Caption-style text data
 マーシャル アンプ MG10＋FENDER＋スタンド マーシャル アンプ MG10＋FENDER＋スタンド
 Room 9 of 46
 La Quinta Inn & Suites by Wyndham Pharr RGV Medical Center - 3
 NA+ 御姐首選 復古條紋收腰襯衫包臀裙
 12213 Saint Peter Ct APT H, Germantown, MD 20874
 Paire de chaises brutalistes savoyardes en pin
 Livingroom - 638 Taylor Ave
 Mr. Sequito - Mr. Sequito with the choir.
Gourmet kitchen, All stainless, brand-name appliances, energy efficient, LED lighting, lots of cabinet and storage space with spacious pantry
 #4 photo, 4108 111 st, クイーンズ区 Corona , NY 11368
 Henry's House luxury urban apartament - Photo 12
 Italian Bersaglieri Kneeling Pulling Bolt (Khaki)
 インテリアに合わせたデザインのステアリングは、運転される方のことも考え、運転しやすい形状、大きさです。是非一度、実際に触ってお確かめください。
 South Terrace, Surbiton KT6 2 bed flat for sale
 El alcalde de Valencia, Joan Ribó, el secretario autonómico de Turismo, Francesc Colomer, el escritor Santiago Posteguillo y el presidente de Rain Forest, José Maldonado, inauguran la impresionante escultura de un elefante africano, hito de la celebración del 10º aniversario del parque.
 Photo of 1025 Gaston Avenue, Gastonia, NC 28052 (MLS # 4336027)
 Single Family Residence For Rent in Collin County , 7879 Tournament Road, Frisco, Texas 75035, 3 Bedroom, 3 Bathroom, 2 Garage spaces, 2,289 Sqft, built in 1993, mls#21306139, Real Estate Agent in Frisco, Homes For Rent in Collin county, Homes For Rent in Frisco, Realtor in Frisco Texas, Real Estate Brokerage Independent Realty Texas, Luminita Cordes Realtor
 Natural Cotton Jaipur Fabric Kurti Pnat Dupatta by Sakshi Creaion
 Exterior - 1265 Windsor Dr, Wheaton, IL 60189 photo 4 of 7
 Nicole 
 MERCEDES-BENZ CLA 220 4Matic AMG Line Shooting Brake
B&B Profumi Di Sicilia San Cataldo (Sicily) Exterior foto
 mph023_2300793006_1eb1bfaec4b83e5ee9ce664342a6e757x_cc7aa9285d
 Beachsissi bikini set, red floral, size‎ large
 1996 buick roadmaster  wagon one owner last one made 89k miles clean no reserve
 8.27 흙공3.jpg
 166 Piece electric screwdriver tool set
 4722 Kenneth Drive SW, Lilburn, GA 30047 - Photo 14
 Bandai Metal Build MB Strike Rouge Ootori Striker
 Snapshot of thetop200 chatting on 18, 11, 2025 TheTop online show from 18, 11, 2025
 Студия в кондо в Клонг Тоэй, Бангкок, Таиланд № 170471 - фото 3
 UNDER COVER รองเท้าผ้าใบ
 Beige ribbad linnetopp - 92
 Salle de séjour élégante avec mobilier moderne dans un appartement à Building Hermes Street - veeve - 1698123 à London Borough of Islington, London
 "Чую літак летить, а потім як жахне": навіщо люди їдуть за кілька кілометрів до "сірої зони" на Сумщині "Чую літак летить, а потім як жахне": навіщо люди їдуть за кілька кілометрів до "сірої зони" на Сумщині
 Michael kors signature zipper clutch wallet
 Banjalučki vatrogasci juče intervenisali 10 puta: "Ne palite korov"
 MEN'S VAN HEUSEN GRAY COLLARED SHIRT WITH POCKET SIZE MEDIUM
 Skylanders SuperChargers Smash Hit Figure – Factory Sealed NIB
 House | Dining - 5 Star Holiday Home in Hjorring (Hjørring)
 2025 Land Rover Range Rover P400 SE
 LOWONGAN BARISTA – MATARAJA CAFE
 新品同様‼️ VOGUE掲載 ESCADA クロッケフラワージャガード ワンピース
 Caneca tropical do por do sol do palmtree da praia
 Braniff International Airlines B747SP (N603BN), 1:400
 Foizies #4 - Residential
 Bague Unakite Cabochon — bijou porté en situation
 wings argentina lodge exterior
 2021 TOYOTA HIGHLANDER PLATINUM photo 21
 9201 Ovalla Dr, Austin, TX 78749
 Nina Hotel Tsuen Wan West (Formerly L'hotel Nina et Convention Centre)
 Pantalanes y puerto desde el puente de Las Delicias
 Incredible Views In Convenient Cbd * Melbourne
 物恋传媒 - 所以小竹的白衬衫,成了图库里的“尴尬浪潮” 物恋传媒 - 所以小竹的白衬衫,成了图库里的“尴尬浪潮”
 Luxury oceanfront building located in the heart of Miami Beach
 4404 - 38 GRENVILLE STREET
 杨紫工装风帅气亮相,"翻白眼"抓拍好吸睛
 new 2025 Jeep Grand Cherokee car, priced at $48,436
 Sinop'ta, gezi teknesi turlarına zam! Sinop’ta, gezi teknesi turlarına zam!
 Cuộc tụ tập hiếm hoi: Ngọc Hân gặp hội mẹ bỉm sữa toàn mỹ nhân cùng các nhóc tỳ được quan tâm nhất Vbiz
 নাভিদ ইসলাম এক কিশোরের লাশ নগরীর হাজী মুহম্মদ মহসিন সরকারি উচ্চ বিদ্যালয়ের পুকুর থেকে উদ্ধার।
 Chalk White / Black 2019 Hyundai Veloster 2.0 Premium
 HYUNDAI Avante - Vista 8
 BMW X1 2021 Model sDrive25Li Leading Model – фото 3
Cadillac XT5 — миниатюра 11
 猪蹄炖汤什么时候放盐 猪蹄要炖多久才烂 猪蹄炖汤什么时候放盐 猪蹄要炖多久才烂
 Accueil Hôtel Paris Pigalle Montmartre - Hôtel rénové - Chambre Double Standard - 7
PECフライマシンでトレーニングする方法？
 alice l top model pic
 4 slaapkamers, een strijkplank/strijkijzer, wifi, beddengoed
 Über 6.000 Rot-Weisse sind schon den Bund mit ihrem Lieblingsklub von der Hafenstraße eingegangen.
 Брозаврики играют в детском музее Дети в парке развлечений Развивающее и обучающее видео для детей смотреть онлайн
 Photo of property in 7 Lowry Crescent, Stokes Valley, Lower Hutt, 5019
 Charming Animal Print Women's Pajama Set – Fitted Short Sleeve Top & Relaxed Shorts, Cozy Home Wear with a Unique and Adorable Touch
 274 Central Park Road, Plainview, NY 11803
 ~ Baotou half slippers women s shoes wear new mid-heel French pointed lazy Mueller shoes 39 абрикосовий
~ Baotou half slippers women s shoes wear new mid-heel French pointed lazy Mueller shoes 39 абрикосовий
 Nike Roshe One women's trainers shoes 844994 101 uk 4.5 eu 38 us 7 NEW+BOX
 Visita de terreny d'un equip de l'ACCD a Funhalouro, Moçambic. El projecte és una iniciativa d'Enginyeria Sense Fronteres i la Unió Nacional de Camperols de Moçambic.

:: Problem ::
The answer must be one number: how many lines in the records above contain "half".

:: Solved problem ::
2